More people are opting out of dairy milk for both health and environmental reasons and there are more commercially available varieties of vegan milk than ever. My family goes through a fair amount of almond milk for cereal, for baking, and smoothies, and lately, I’ve been taking a real look at how that box of milk is made. In terms of water use, it is estimated that it takes just under 20 gallons of water to produce a glass of almond milk, but it takes about 49 gallons of water to make a glass of dairy milk. 

Conventional dairy farms are much more damaging to the environment because of high emissions and a heavy impact on the land, while almond trees sequester carbon and require much less space. However, despite the benefits almonds have over cows, almonds aren’t sustainably grown. Eighty percent of the world’s almond trees are grown in drought-stricken California and they require copious amounts of water. The trees need pollination as well, so each year truckloads of bees are brought into cropland that is sprayed heavily with insecticide, contributing to the decline of our struggling bee population.

Examining the box that vegan milks come in is also discouraging. Tetra Paks are made of paper with a polyethylene liner, and to keep food fresh without refrigeration, they are lined with an additional layer of foil. While we have the capability of recycling Tetra Paks, the process is labor intensive and leaves behind raw materials of very little value. These packages are often not recycled at all and many are shipped to Mexico for recycling, adding transport to our environmental cost. The havoc wreaked by these cartons finally woke me from my contented wish-cycling.

An assortment of nuts, seeds, and grains can be used to make homemade vegan milks. Make milk at home for a fraction of the cost without the added environmental cost of the packaging. Choose ingredients that are sustainably grown by looking at water and land use, pesticide or fertilizer use, emissions for transport, and fair trade practices. 

Making vegan milk at home is quite simple. Use a high-speed blender to blend some grain, seeds, or nuts with water. Nuts usually need to be soaked for a few hours before blending, while most seeds and grain do not. The ratios are different for each, but using less water creates a creamier milk. A nut milk bag, cheesecloth, or a flour sack towel can be used to strain out the pulp to make the smoothest milk (the strained pulp can be used to add to baked goods). One or two medjool dates blended in adds a little sweetness, but you can also add vanilla extract, cinnamon, a pinch of salt, or cocoa. Add a small spoon of coconut oil as an emulsifier to keep the milk from separating; otherwise, just give it a shake before using. The milk lasts up to 5 days in the refrigerator.

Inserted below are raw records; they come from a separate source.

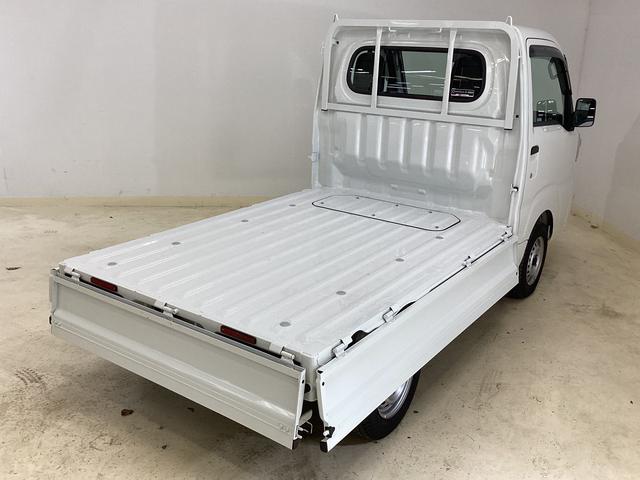 ハイゼットトラックスタンダード　４ＷＤ　ナビ　ＥＴＣ　バックカメラ　ドラレコ４ＷＤ　純正ナビ　フルセグチューナー　ブルートゥース対応　ドライブレコーダー　ＥＴＣ　バックカメラ　マニュアルエアコン　スチールホイール　スマートアシスト　アイドリングストップ　コーナーセンサー（京都府）の中古車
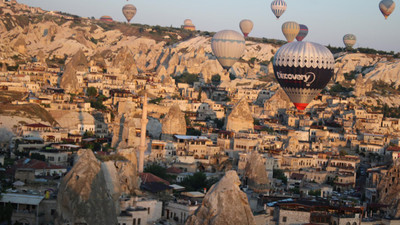 Kapadokya'da balon turunun saati en az 100 euro: 'Yabancılar biniyor yerliler izliyor'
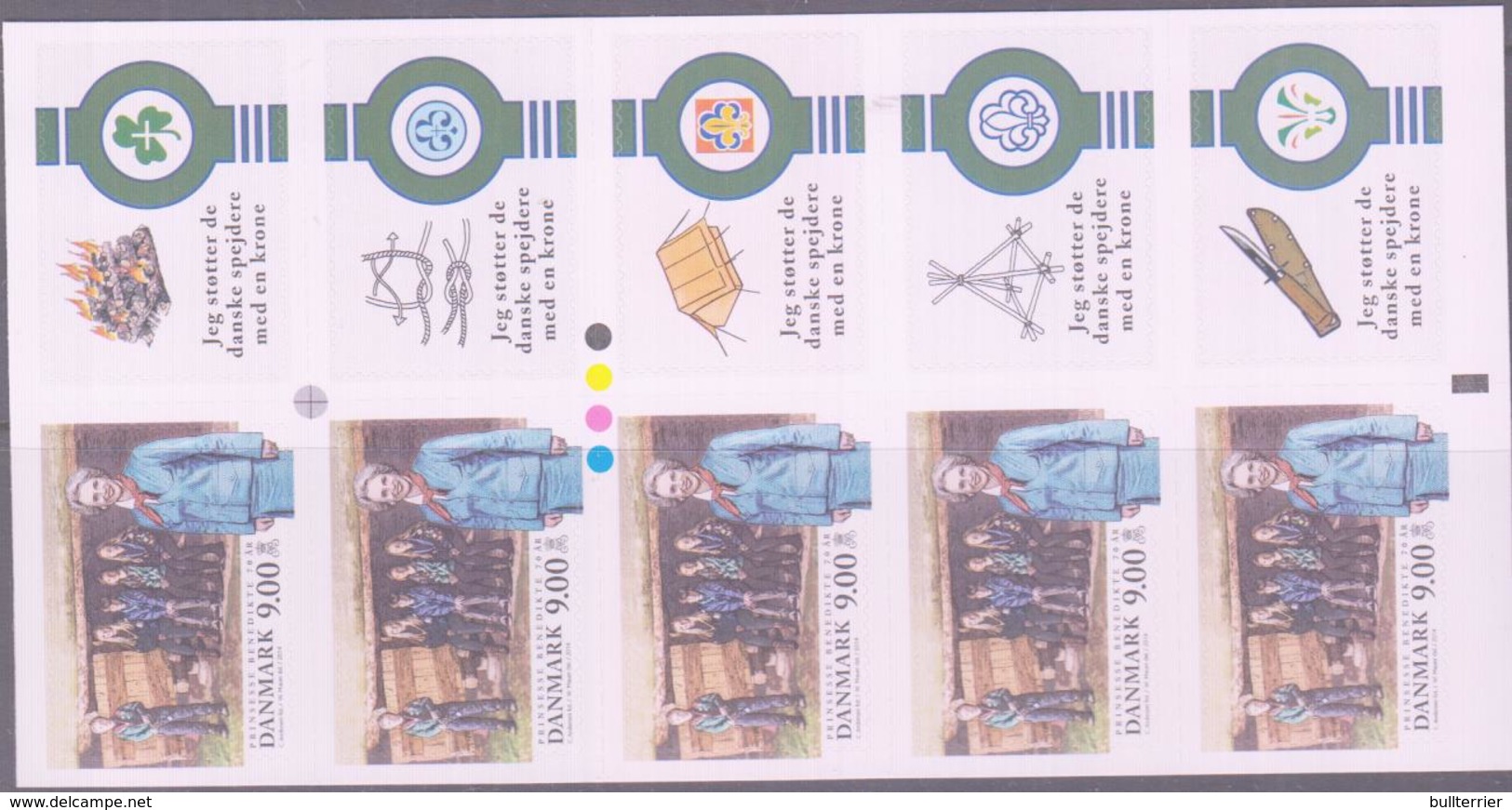 SCOUTS -  DENMARK - 2014 - GIRL GUIDES BOOKLET COMPLETE MINT - Unused Stamps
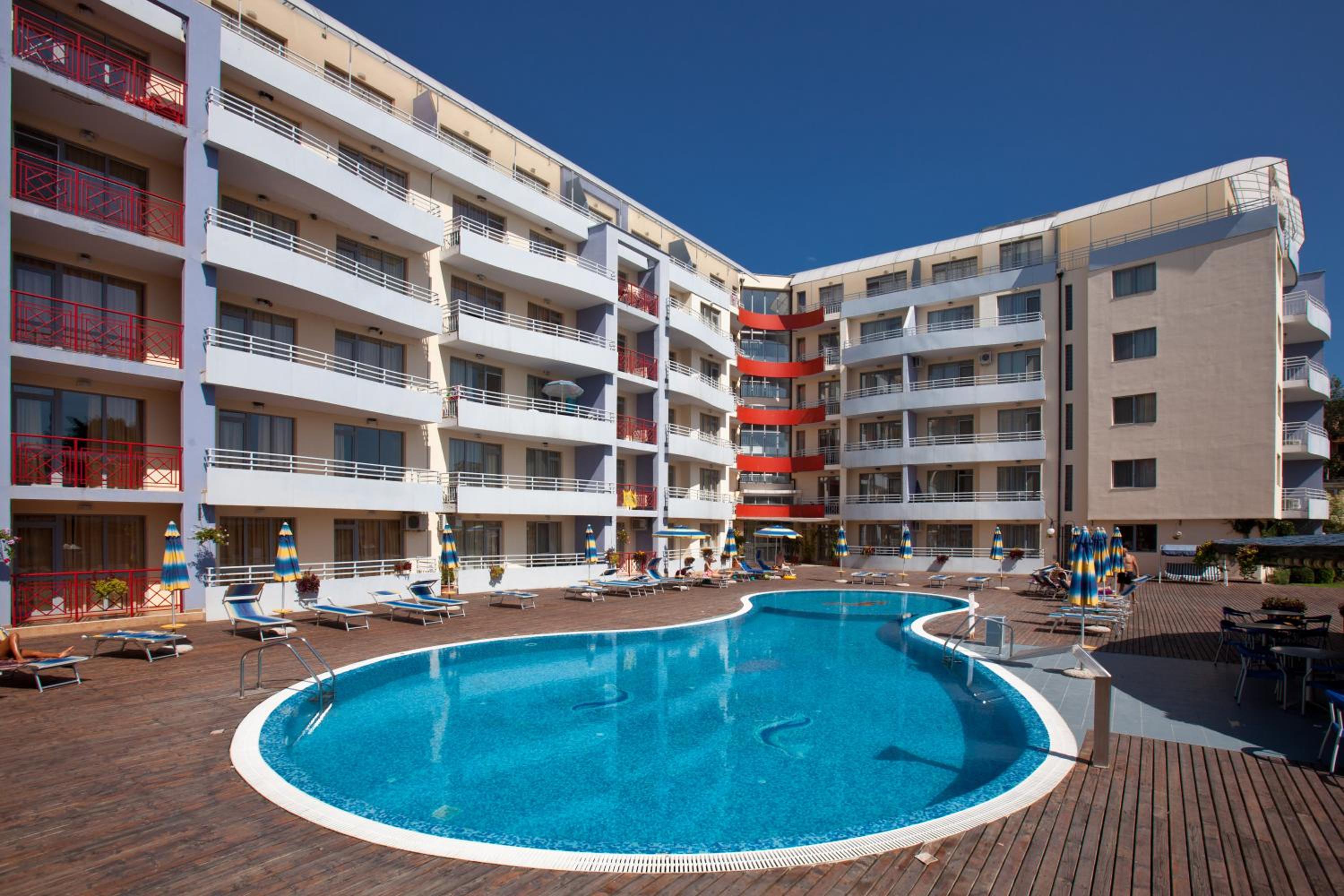 Bratanov Central Plaza apartments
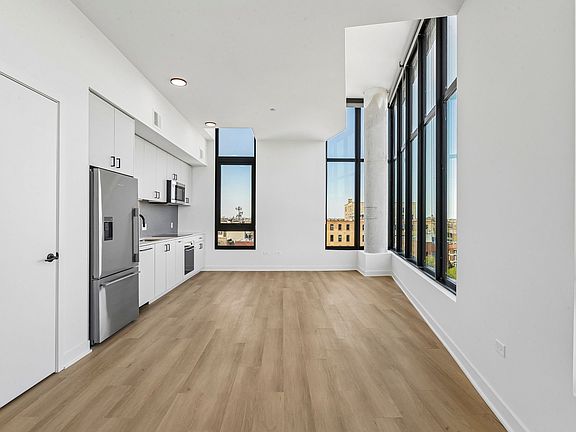 5th image of 1100-15 W Grand Ave #319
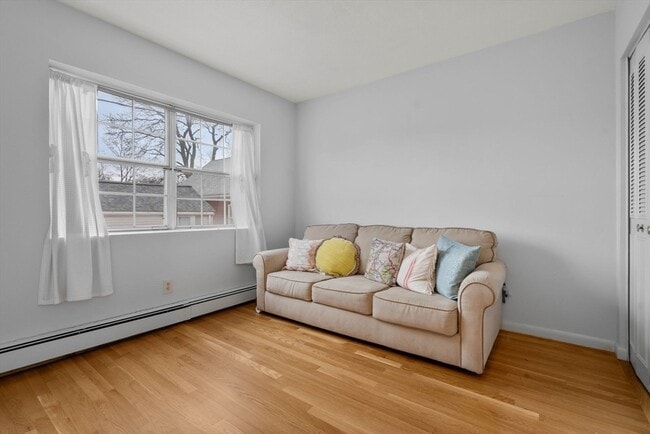 Building Photo - 8 Robinwood Ave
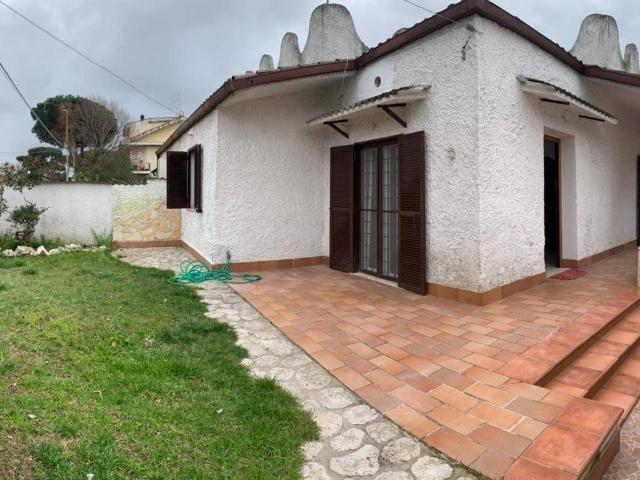 Villa in vendita a Roma RM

Cashew milk is very easy to make and tastes delicious. The cashew tree is fairly drought tolerant, but because these nuts are native to Brazil, and are often grown in Africa or India, they add to emissions for packing and transport. The nut actually grows at the end of a pear-shaped fruit called a cashew apple. The shell around the nut contains a potent skin irritant related to urushiol, the poisonous substance that is found in poison ivy. The nuts must be removed from the shell with care and steamed to remove any trace of the irritant. This process is labor-intensive and high global demand has led to human rights abuses and low wages. Buy Fair Trade cashews whenever possible.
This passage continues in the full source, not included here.